Following in the steps of beautiful people such as Mary, Keith, Andy,
and Anthony, I’m posting the paper and slides for Ben’s and my OSDC presentation.
For looking at the presentation, I recommend the Open Office version so you can see the animations. Press F5 to start the presentation, then keep pressing space. I should also mention that, during the conclusion, where the slides point to Rails or Django, it’s not an exclusive recommendation, so much as a recommendation to investigate Rails or Django first. Read the paper and use your brain.

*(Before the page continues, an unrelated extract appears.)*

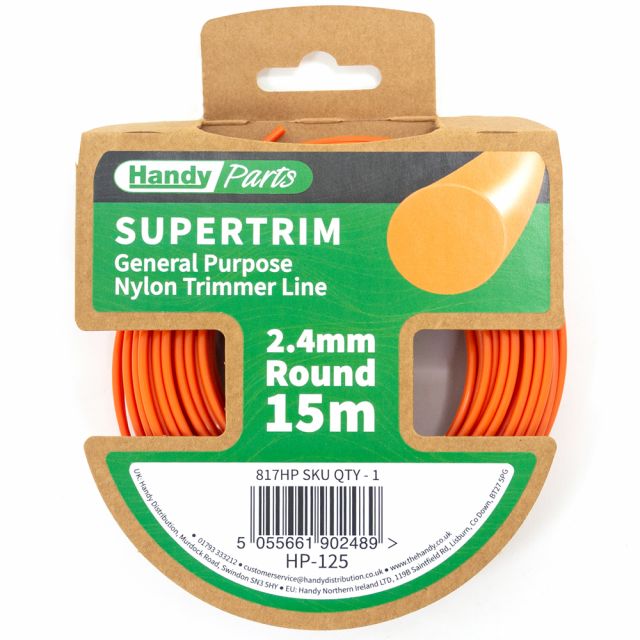 Handy Parts Supertrim 15m x 2.4 mm Round Nylon Trimmer Line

The talk itself went over well. Quite a few people mentioned that seeing Rails and Django code side by side was helpful. Here are some photos from Andy, Keith, Wen Lin and Karen Askins. I quite like this one of Ben, but this one of me is just inexplicable. We made everyone stand up during the audience participation section.
Thanks again to everyone who sent us feedback, and a big thanks to Ben for making it possible.
Comments
To see the paper as it appears in the proceedings, you can go here:
http://osdcpapers.cgpublisher.com/product/pub.84/prod.29
Interesting comparison. Shows that you only get a real comparison, if more than one person (opinion) is involved.

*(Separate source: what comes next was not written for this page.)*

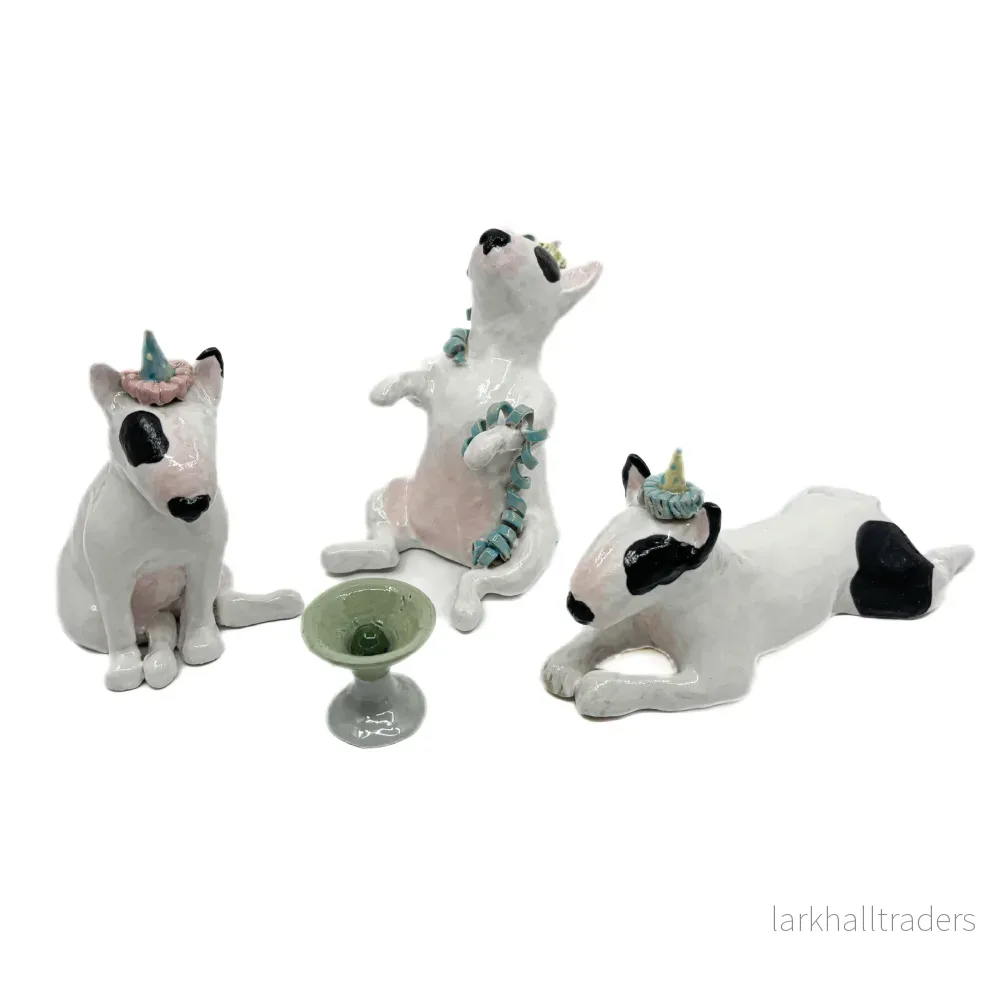 Skulptur / Figurin - Bert the bull terrier - Bild 3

Is there a text description of the specification of "Habitual Readers" or is the static HTML prototype the reference? I have a mind to try this in TurboGears and do the same measurements :-)
because of your slides, i'm going to take a closer look at django. and i thought rails was nirvana.
I really enjoyed those slides - great use of diagrams, and it looks like the presentation flow was really tightly planned. How long did it take you guys to put together the presentation itself (slides + planning)?
Great presentation. I especially appreciated, in the number-of-advertised-jobs chart, how you included general Python and Ruby job ads. Previous comparisons have compared only Rails vs. Django job ads, which is misleading.
Well done!
Nice effort! As you say: it would need more rigorous trials to get a more or less scientific comparison. But even so: some of the strong points of both solutions come out clearly. I would love to see someone do a similar test on Rails vs. Django vs. Grails...
_excellent_ paper. I only read the PDF, but it was crystal clear. It gave a well-balanced yet thorough and informative overview of both products.
excellent, excellent, excellent.
Simon: Not exactly sure, but it was around 100 hours from Ben and I each, from start to finish.